Mestre em História, o vice-governador do Estado, Francisco Pinheiro, descreve ocorrências do século XIX que associam a morte de nossas matas às secas periódicas. Ele diz que as novas gerações já estão sendo melhor educadas contra o desmatamento e outras agressões ambientais.
O POVO - Nossa formação política e histórica cearense soube preservar reservas florestais, energéticas, potenciais hídricos, fauna? O Ceará foi consciente com seu ambiente?
Francisco Pinheiro - Houve, sim, uma destruição da nossa fauna, flora e potenciais hídricos. Documentos do século XIX demonstram toda uma exuberância da natureza no Estado que não é mais encontrada. As técnicas de agricultura, através de queimadas, e a atividade pecuária, foram as que mais contribuíram para esta destruição. No entanto, existem relatos ainda do século XIX relacionando a destruição das matas com as secas periódicas. Já nas últimas décadas do século XX se iniciou um processo, que ainda está crescendo, de defesa da natureza.
OP - Neste mesmo mote ambiental, nossa autoestima pode garantir longevidade?
Pinheiro - Este debate ganha corpo com a juventude, que está mais preocupada em garantir melhorias nas questões ambientais. A preservação do meio ambiente nunca foi inerente ao cearense. Este processo está começando através mesmo da educação em escolas e através dos veículos de comunicação.
OP - O cearense saberá reparar erros históricos?
Pinheiro - Há um processo educativo que faz com que as novas gerações tomem iniciativas contra desmatamento e outras interferências no meio ambiente. Há também um esforço dos governos municipais, estaduais e federal, através de programas de proteção de áreas florestais, que pode reparar estes erros históricos. (Fonte: Jornal O Povo)
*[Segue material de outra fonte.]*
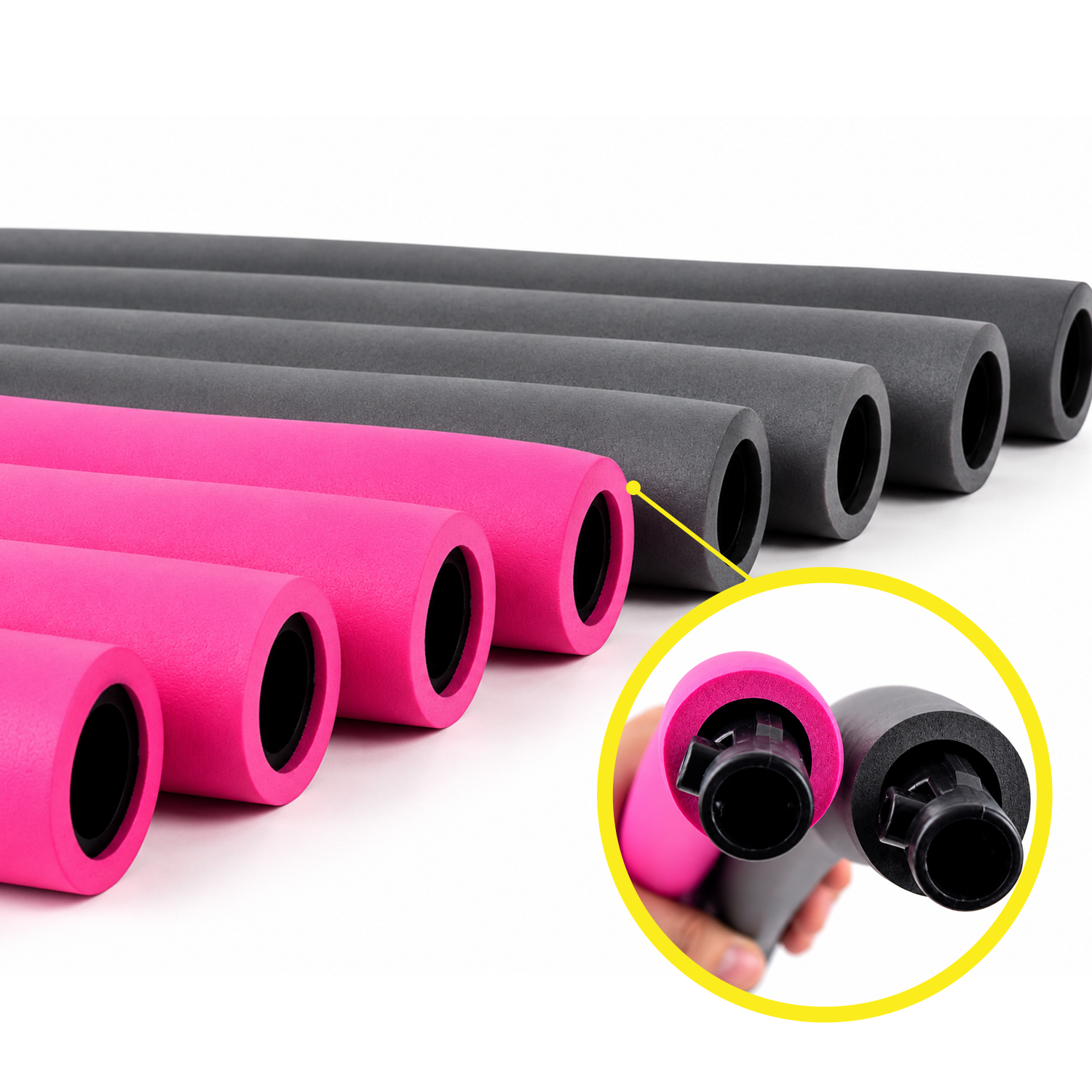 Elite Fitness Sports 5mm Foam Liner Pilates Hula Hoop with Weights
Bitupitá: por um turismo consciente

Tié Araújo

O secretário de Turismo de Barroquinha, Tié Araújo, admite que a estrutura da praia de Bitupitá, para que possa receber turistas, ainda é precária. Mesmo assim, defende que esse crescimento aconteça de forma consciente e sustentável. Para que a degradação ambiental não seja uma chaga e a localidade se mantenha como um paraíso do extremo oeste cearense.